A lawyer who succeeds to the practice of another attorney, including files with wills which the prior attorney's clients requested him to hold for safekeeping, is obligated to make a reasonable effort to locate the testators and, in the case of a testator who cannot be located, to retain and safeguard the will, or to deposit it in court pursuant to G.L. c.191, S10.
Facts: An attorney takes over a law practice from another attorney, whose files include wills which clients had requested him to hold. The successor attorney, in attempting to return the wills to the respective testators, finds that many clients cannot be located. He desires to know his obligations.
Discussion: "(A) lawyer should act with competence and proper care in representing clients," EC 6-1. A client who retains an attorney to draw a will, leaving the executed instrument with the attorney for safekeeping, obligates the attorney, if he accepts the will, to use reasonable care to keep it secure. He may, of course, at any time return it to the testator, making sure that it reaches the latter safely, or he may deposit it with the appropriate court, on payment of the $5 fee provided for by G.L. c.191, S10.

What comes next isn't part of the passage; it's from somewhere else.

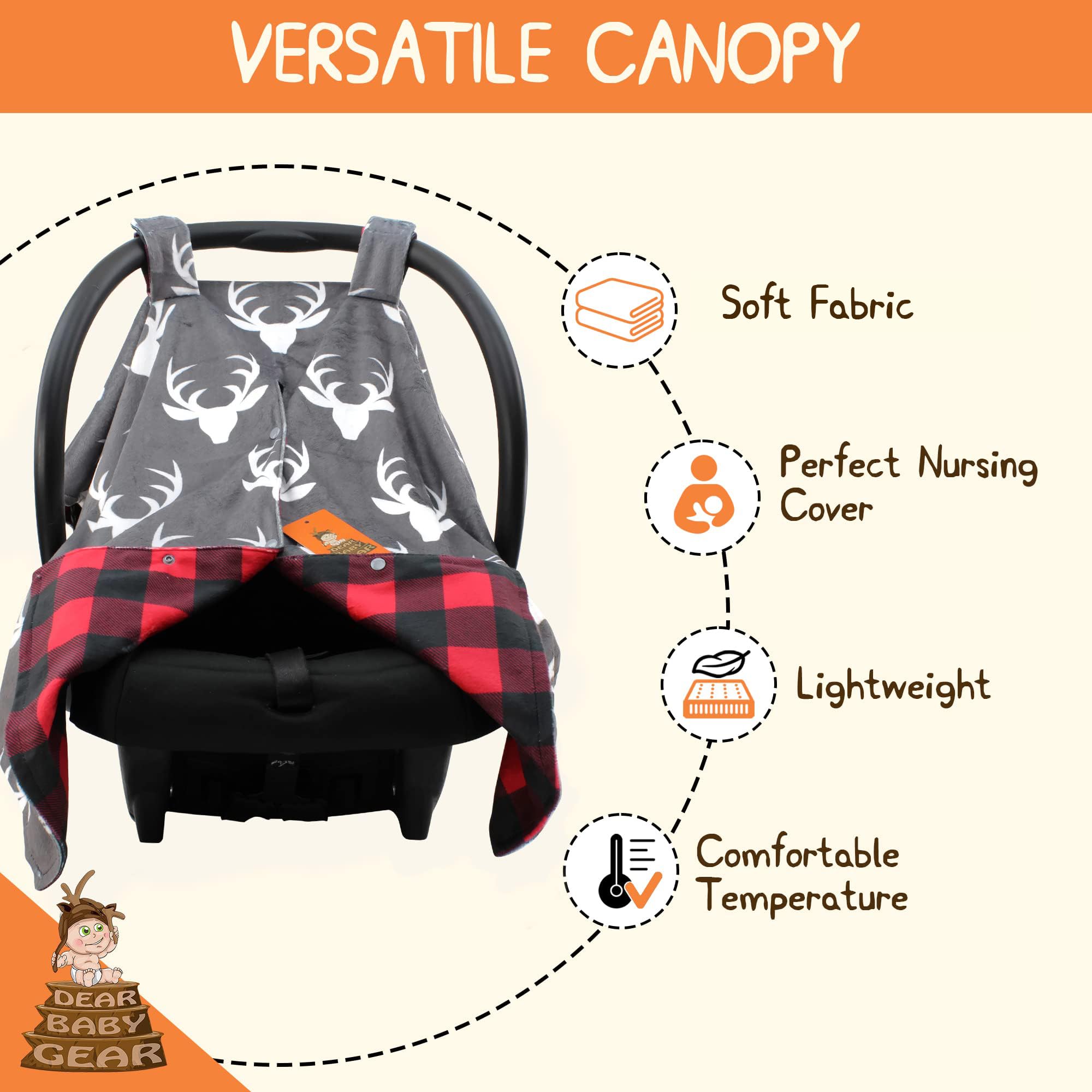 Dear Baby Gear Luksusowy dwustronny baldachim na siedzenie samochodowe, niestandardowy nadruk Minky w kratę białe poroże, czerwony i czarny bizon krata Minky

If the lawyer cannot find the testator and does not wish to deposit the will with the appropriate court, he remains obligated to use reasonable care to keep it secure. While he need not watch the obituary columns, if he does learn of the testator's death, G.L. c.191, S13, requires him either to deliver the will to the executors named therein, or to file it, within 30 days after he receives notice of the testator's death, in the probate court having jurisdiction over the proceedings.
Permission to publish granted by the Board of Delegates, 1976. As stated in the Rules of the Committee on Professional Ethics, this advice is that of a committee without official governmental status.